There is nothing in the technology involved that would limit the government to monitoring communications going into and out of the United States, despite the claims of the Bush administration that only such communications are being targeted by the NSA. According to the Times, “The network designer and other experts said it would be a simple technical matter to reprogram the equipment to intercept purely domestic Internet traffic.” The only guarantee that this has not already happened is the word of the American government.

The statements by Klein and the documents obtained by the Times directly contradict previous assertions by the Bush administration that the spying program is limited in scope. For example, Michael Hayden, the principle deputy director of national intelligence and former director of the NSA, declared in a speech on January 23 that the NSA program is not a “driftnet” monitoring conversations “that we then sort out by these alleged keyword searches or data-mining tools or other devices that so-called experts keep talking about.” In fact, according to Klein, this is precisely what the program involves.

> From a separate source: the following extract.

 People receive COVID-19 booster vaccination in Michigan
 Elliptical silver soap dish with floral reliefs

In response to the recent revelations, the government has given its standard response: It refuses to talk about “operational details,” while suggesting that any attempt to expose its violation of the democratic rights of the American people amounts to support for terrorism. “Any discussion about actual or alleged operational issues would be irresponsible as it would give our adversaries insight that would enable them to adjust and potentially inflict harm to the US,” remarked NSA spokesman Don Weber. An AT&T spokesman stated that the company is “not in a position to comment on matters of national security or litigation.”

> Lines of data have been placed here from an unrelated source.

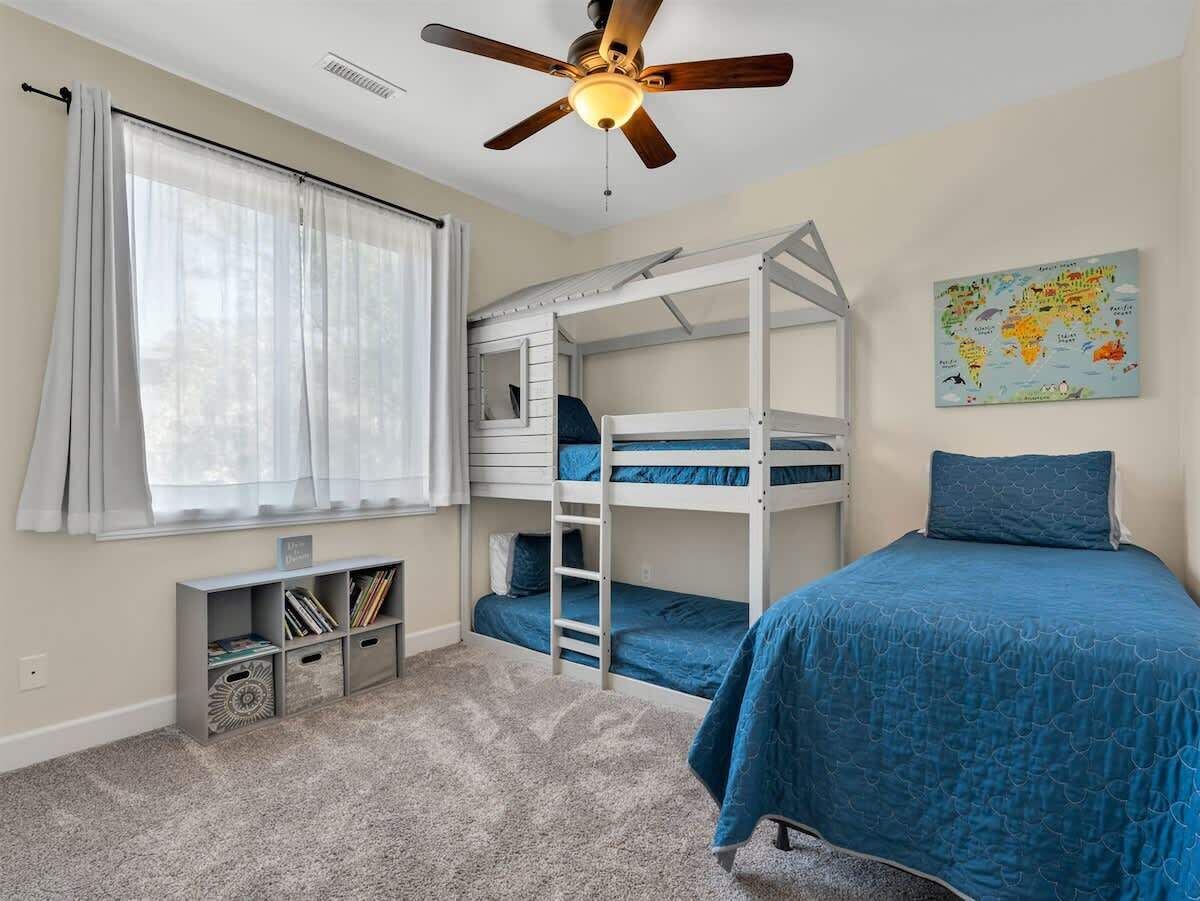A bedroom with bunk beds, a ceiling fan, a world map on the wall, and a bookshelf.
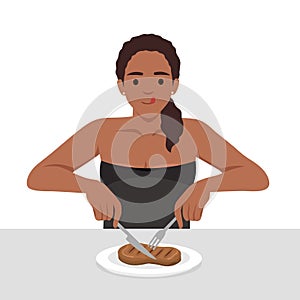 Young woman enjoy eating steak in the dish holding knife and fork as she is ready to eat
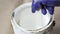 Close up of hand gloved painter mixing paint in metal paint can with wooden stick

While publicly stating that the NSA warrantless spying program is limited to international calls targeting Al Qaeda suspects, the administration has been careful not to imply that it is legally constrained from engaging in something much broader. On April 6, Attorney General Alberto Gonzales told a Senate panel that he would not rule out government authority to monitor purely domestic calls and other communications if this was necessary for the “war on terrorism.”

In a letter in late February, Gonzales noted that in remarks to the Senate that month in which he denied that the government was spying on purely domestic communications he “did not and could not address...any other classified intelligence activities” beyond what had been admitted by the government. Russell Tice, a former NSA employee, has said that the agency has authorization to engage in much broader spying as part of a top-secret “special access program.”

The logic of the administration’s argument is that it has the unlimited power to spy on anyone, including US citizens, as part of the supposed commander-in-chief authority of the president. The same justification has been used by the administration to justify arbitrary and indefinite detention, torture and other violations of basic democratic principles.

Only a few months after it was initially exposed late last year, the government’s warrantless domestic spying program has largely been dropped by both the news media and the Democratic Party. A proposed investigation was scuttled by the Senate Intelligence Committee in March. At the end of March, a proposal to censure Bush for violating the law by authorizing the NSA program received virtually no support from either party.

Whatever the extent of the current spying, the precedent set is absolutely clear: American big business is perfectly willing to aid the government in violating the democratic rights of the American people, and there will be no serious opposition from within the political establishment.